Marie Hazard: Rendez-vous
Depuis des temps immémoriaux, le tissage est un lieu d'échange—à l'image des fils entrecroisés—reprenant les mêmes outils, pratiques et gestes, ouvrant la porte à de nouvelles formes de socialisation. Au moment où la pandémie commence à se dissiper, Marie Hazard nous donne rendez-vous à la Galerie Mitterrand. C’est une invitation à la rencontre, celle des personnes, des fils, des couleurs, des formes, des matières.
Dans cette perspective, l'artiste a voulu que le carton d’invitation soit à la fois une convocation et le moyen pour chacun de s’exprimer sur la notion de rencontre et de partage. Le visiteur est en effet invité à compléter le carton en répondant librement à la question : « Que représente pour vous le rendez-vous ? », puis à le déposer dans une urne placée à l’entrée de la galerie. Afin d’inviter le public à découvrir sa méthode de travail, Marie Hazard a installé son métier à tisser dans la galerie ce qui lui permets aussi de réaliser des tissages monochromes blancs (à l’image des pages vierges d’un livre) sur lesquels seront imprimés le contenu des invitations à la fin de l’exposition.
À la fois simple et compliqué, le tissage exige un travail manuel intense, alors qu'un résultat similaire pourrait être obtenu avec une machine. Il y a dans l'idée du métier à tisser une attitude irrationnelle, anticapitaliste, ou du moins à rebours de la notion de productivité. De ce point de vue, le tissage manuel agit comme un constat d'échec du progrès technique. Le tissage artisanal est un acte simple qui transforme notre imaginaire en inscrivant nos gestes dans l'espace et le temps. Mais il exprime aussi le souffle novateur de l’artiste qui le détourne en imprimant des mots et fragments de phrases sur la trame tissée.

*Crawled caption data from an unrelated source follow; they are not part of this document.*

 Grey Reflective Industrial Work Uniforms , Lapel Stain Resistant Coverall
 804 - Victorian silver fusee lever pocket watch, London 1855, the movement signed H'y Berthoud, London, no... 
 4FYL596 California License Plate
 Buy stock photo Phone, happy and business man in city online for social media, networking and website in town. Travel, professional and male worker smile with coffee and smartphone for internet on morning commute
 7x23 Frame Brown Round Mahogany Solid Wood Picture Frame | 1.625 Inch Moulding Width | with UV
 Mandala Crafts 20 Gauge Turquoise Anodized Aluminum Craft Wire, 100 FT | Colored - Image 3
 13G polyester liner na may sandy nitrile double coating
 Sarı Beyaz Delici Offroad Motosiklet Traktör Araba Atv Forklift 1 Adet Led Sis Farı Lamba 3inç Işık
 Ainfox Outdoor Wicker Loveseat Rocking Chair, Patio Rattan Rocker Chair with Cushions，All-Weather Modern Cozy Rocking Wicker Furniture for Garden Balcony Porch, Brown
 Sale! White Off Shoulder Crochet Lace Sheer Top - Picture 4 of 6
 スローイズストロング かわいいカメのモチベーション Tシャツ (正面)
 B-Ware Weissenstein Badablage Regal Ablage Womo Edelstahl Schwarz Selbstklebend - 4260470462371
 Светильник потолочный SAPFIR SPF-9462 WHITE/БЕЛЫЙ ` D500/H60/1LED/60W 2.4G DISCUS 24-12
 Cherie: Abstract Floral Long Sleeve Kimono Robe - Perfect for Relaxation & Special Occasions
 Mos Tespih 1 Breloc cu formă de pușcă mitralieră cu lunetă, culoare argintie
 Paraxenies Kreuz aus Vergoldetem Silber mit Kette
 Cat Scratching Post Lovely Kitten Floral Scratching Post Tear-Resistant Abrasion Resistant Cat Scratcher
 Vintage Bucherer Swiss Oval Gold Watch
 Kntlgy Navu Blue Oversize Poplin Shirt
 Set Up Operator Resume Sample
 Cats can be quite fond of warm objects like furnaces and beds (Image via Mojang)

Si l'art du tissage remonte au IIIème millénaire avant J.-C., les outils, principalement en bois, ont évolué au cours des siècles. La méthode, d’abord artisanale et utilisée principalement par des femmes, devient par la suite industrielle et mécanique. L’approche de Marie nous rappelle que dès le XIXème siècle, le mouvement Arts and Crafts en Angleterre plaidait pour le développement de techniques artisanales adaptées à nos capacités naturelles. Les matériaux utilisés par Marie sont simples : papier tissé, polyester, lin. Son travail commence par des dessins préparatoires au pastel ou crayons de couleurs. Une part d'inconnu préside à ce processus, laissant la place aux surprises, accidents, bref, au hasard.
Les tissages de Marie sont une extension de la matière dans l’espace et parallèlement une transformation de l'espace en quelque chose de dynamique et de vivant : couleurs broyées, mélangées, dispersées, chatoyantes, fils qui se mélangent, se neutralisent, s'entrechoquent, avec pour résultat des tissages tour à tour tactiles, fluides, empreints de matérialité, reflétant la trace des outils, légers, denses, spontanés, géométriques, ou au contraire chaotiques et sensuels. Une vidéo accompagne l’exposition ; elle montre l'artiste à l'œuvre, retraçant les différentes étapes de la création d’un tissage, du dessin préparatoire au tissage et à l’impression.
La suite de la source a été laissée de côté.